After what seemed like a long wait, the MC, life-long Republican activist Martin Óg Meehan, called forward those who had commissioned the mural, the Independent Principled Ex-POWs group; around thirty of them, all dressed in black, carrying a banner with their group name on it, they formed a kind of honour guard during the ceremony. As indicated by its name, this is a collective aligned to no political party or group; it was established earlier this year by North Belfast Republican ex-prisoners.
Then after a short dedication speech, the shroud was pulled down to unveil the newest Republican mural in Belfast, which is surely Ireland’s city of murals (certainly of political murals). The centre-piece was a section of The Rythm of Time poem, written by Republican prisoner and hunger-striker to the death, Bobby Sands; around that central piece a number of panels depicted scenes from the struggles of Republican prisoners from the 1970s onwards. A special mention was made of the families and relatives of Republican prisoners, those who bore much of the brunt of the system that encarcerated their loved ones. One of the Scottish bands was then called to play The Soldiers’ Song, the Irish national anthem written and composed by two Republicans and which had been sung by some of the insurgents during the 1916 Rising against British colonial rule.

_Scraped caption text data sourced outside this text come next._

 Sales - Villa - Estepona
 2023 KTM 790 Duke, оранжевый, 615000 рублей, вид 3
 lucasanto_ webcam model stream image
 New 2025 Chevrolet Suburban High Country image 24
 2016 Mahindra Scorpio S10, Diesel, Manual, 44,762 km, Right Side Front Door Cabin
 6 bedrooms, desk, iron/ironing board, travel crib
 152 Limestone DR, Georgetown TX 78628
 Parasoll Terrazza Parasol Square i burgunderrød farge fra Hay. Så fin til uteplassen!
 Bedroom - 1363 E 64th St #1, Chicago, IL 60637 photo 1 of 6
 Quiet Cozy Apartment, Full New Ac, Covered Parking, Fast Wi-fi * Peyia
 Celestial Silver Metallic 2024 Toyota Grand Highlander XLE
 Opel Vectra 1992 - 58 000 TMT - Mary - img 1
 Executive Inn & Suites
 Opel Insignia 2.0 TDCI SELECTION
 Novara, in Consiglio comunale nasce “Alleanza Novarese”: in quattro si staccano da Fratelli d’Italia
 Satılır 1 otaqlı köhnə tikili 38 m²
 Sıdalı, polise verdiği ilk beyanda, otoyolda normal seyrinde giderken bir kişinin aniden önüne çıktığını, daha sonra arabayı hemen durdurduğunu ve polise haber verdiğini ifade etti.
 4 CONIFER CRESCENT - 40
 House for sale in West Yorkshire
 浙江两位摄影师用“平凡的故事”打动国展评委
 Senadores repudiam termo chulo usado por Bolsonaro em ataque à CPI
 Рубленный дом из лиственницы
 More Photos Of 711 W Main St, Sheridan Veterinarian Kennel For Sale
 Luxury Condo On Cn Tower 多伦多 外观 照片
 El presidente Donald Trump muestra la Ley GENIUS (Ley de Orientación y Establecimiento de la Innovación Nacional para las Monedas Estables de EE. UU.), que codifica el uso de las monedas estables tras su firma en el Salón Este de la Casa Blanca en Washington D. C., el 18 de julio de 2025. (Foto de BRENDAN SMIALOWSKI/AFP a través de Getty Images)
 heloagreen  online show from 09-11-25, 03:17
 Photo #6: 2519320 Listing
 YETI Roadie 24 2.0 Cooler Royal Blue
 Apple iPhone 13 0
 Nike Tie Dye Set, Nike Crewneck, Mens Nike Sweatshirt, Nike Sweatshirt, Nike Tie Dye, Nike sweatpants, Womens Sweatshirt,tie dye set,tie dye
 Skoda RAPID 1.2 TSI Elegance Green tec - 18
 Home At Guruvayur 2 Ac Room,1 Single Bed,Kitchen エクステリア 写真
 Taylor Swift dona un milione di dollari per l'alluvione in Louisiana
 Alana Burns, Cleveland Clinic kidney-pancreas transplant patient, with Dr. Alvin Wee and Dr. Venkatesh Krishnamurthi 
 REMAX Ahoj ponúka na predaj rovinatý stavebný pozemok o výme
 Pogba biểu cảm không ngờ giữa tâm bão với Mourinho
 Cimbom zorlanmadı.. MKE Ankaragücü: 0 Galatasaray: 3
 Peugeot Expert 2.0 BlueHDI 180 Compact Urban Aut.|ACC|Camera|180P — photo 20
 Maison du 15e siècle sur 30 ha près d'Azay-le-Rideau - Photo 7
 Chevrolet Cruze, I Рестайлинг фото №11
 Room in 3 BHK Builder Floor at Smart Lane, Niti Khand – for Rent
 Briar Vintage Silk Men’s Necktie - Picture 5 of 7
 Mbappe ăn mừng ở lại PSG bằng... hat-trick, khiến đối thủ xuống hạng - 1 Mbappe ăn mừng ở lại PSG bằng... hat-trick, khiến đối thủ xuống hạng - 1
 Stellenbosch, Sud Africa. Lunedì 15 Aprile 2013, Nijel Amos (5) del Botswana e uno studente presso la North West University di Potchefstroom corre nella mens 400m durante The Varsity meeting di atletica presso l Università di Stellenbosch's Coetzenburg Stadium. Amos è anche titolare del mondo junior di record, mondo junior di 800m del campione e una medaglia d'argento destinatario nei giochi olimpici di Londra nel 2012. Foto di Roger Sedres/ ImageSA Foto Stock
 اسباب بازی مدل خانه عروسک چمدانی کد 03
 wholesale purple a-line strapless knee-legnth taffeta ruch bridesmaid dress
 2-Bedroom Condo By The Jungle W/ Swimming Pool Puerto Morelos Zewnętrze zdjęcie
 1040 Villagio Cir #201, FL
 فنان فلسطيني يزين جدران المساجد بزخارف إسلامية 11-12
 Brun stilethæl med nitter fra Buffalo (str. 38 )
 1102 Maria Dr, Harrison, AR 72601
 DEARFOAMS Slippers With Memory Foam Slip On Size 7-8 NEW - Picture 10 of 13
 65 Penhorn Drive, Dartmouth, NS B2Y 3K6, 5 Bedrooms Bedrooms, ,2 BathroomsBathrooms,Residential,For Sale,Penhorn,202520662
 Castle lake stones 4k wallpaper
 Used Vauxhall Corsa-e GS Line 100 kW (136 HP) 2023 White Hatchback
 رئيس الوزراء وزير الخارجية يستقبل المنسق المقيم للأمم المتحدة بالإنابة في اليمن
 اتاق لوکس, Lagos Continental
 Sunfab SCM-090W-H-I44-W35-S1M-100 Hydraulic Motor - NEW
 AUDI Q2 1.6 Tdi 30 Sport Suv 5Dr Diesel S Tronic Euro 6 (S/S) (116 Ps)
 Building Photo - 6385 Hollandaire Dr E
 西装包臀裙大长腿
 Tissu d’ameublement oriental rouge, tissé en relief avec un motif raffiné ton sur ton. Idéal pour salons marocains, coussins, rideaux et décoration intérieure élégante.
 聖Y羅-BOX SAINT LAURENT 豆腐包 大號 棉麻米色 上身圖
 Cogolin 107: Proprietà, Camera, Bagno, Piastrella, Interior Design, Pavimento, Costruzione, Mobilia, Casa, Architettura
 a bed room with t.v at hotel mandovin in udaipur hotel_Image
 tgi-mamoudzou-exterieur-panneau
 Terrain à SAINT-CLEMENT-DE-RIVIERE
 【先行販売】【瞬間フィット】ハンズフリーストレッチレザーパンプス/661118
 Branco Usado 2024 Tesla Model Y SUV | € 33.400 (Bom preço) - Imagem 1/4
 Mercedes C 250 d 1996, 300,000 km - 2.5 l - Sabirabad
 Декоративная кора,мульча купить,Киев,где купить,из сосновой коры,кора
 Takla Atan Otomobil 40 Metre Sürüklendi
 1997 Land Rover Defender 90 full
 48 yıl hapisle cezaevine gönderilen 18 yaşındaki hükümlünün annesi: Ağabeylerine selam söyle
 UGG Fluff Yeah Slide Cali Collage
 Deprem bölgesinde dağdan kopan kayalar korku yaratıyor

Some time after this ceremony, the primary purpose of the day was attended to as people assembled for the march against internment organised by the Irish Anti-Internment League. The British colonial statelet abandoned internment without trial after four-and-a-half years in 1975 but since then has been finding other means to remove its active political opponents from the streets. Some ex-prisoners who were released under Temporary Licence as part of the Good Friday Agreement in 1998 have been returned to jail without charge, trial or right of appeal. Others have been faced with ridiculous charges — of in some way “assisting terrorism” — and jailed while awaiting trial; when eventually found not guilty, they have nevertheless already spent between one and two years in jail. Still others, after periods in jail awaiting trial, are being found “guilty” on highly suspect evidence in the special courts and sentenced to long terms of imprisonment (some of these too have eventually been released on appeal against conviction).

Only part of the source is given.